一般財団法人海上災害防止センター
石油コンビナートなど自衛消防の能力向上が目的

石油コンビナートや危険物を取り扱う工場を持つ企業の自衛防災組織らを対象にした消防能力向上のための自主基準がこのほど策定された。米国防火協会(NFPA)基準に準拠したもので、基準の策定にあたっては、石油、石化、電気、ガス、鉄鋼など各種団体の関係者をメンバーとした「危険物火災に対する消防能力向上に関する検討会」(委員長:東京理科大学小林恭一教授 事務局:危険物保安技術協会)が、国内で発生した危険物火災の事例や課題、海外の教育訓練の手法、訓練施設のあり方などを検討してきた。 

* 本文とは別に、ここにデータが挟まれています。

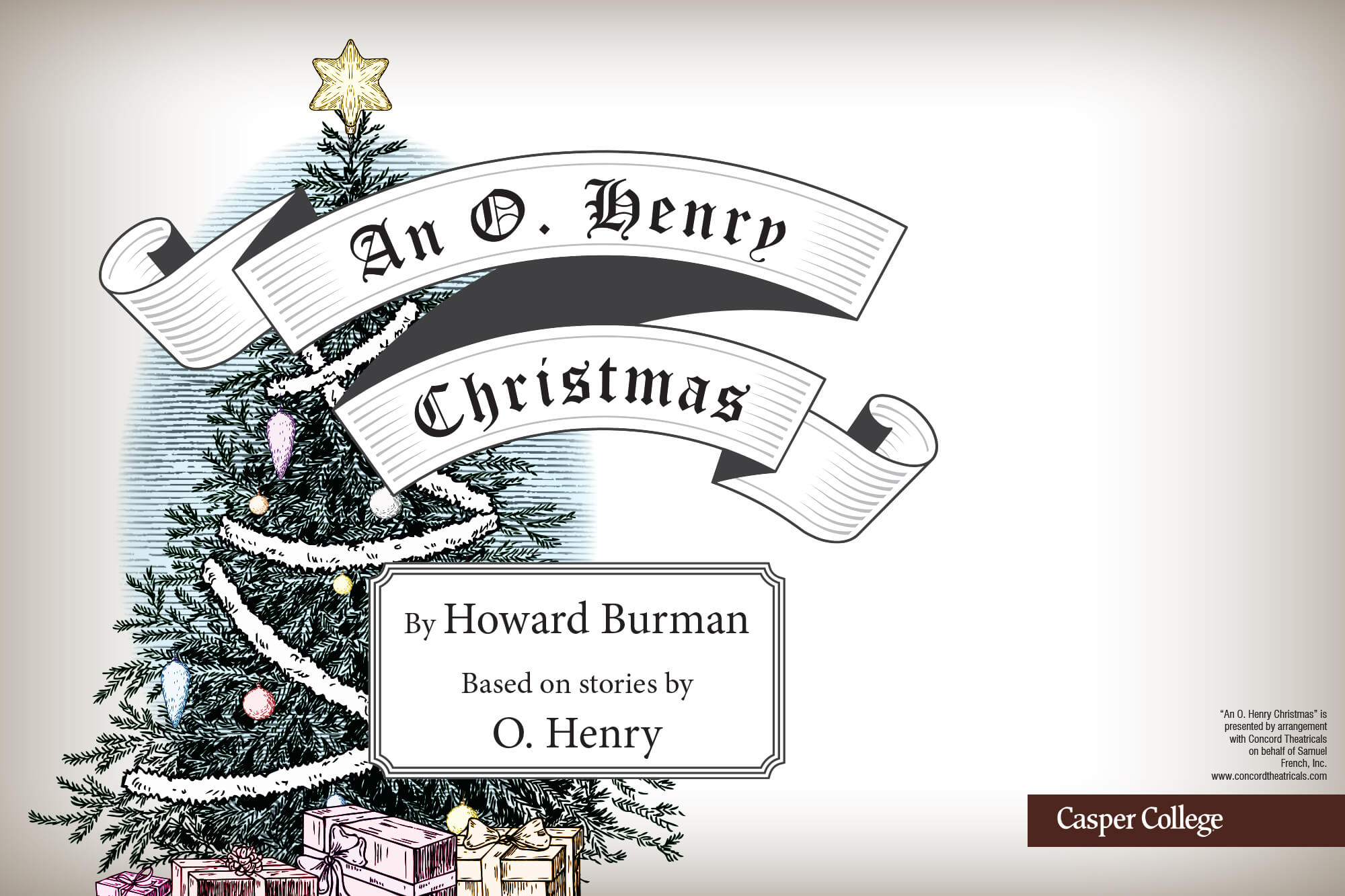 Image for "An O. Henry Christmas" press release.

検討会では、今後発生が予想される大規模災害に対する備えとして、自衛消防組織が協力して円滑な消火活動を実行するためには、①(消防能力に関する)自主基準の策定、②必要な訓練施設の整備、③習得した技能の維持―が必要であるとし、①~③の具体的なイメージを報告書に盛り込んだ。これを受け、一般財団法人海上災害防止センター(以下、海災防)では、今後、既存の訓練施設を拡充するとともに、自主基準にそった災害対応基礎コース、コンビナート火災実習コース、コンビナート火災指揮者コース(いずれも仮称)の合計3つの訓練コースを開設していくしている。 

海災防は、船舶の海難事故などによる油や有害液体物質の排出、船舶火災などによる海上災害が発生した場合、油などの防除や消火活動にあたる災害対応のプロフェッショナル集団である。